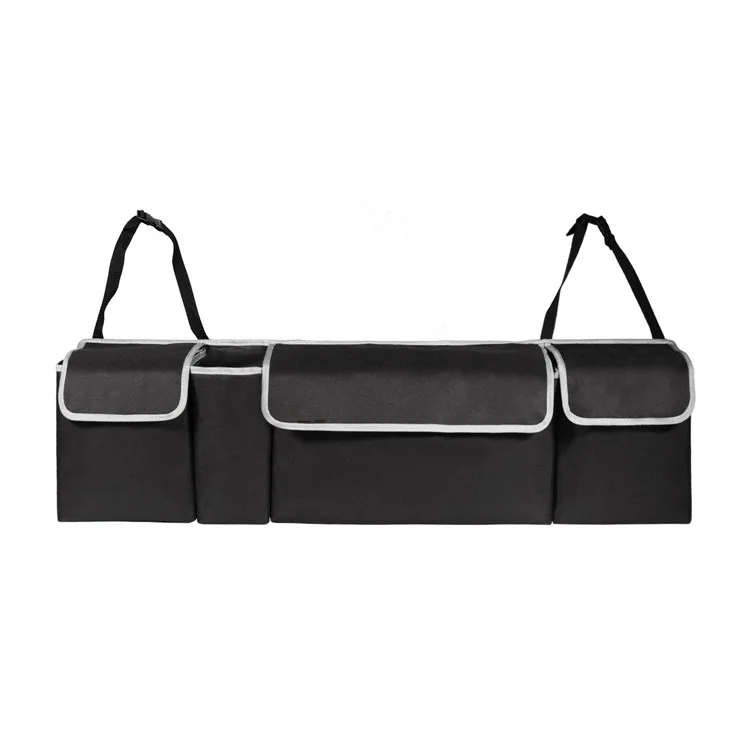 New The Back Seat of the Car Storage Bag Trunk Hanging Car Storage Factory Direct Single-Layer car accessories
New The Back Seat of the Car Storage Bag Trunk Hanging Car Storage Factory Direct Single-Layer car accessories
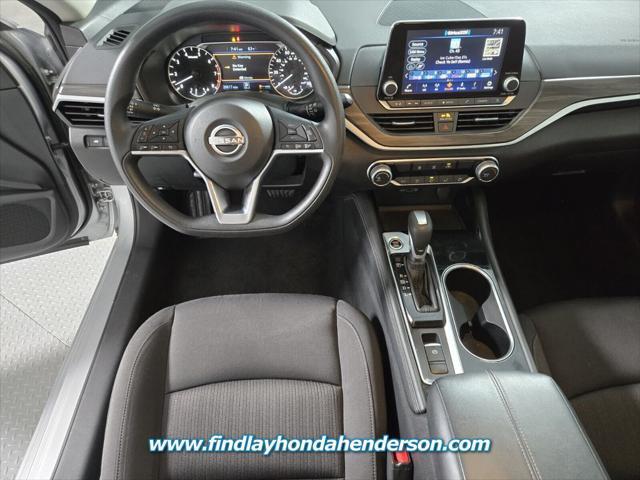 used 2023 Nissan Altima car, priced at $22,484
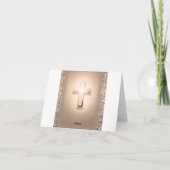 Nam Dwars | dank u toe Bedankkaart (Achterkant)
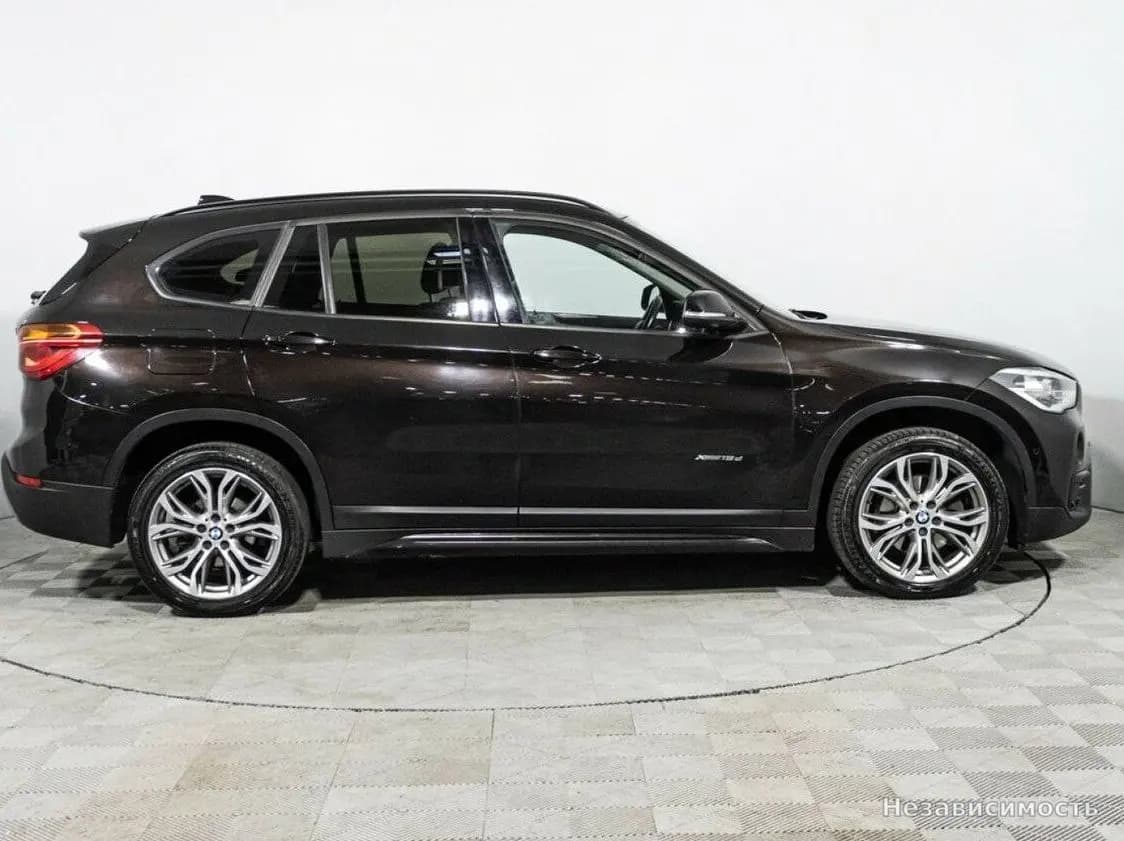 BMW X1 2016 с пробегом — фото 4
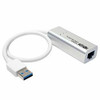 TRIPP LITE U336-000-GB-AL USB 3.0 SUPERSPEED GIGABIT ETHERNET NETWORK ADAPTER 10/100/1000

·····

■ **WHAT IS EXPECTED**: Each entry above is to be given again exactly, and any image in it is to be dropped.

■ **WRITTEN SOLUTION**:
 New The Back Seat of the Car Storage Bag Trunk Hanging Car Storage Factory Direct Single-Layer car accessories
New The Back Seat of the Car Storage Bag Trunk Hanging Car Storage Factory Direct Single-Layer car accessories
 used 2023 Nissan Altima car, priced at $22,484
 Nam Dwars | dank u toe Bedankkaart (Achterkant)
 BMW X1 2016 с пробегом — фото 4
 TRIPP LITE U336-000-GB-AL USB 3.0 SUPERSPEED GIGABIT ETHERNET NETWORK ADAPTER 10/100/1000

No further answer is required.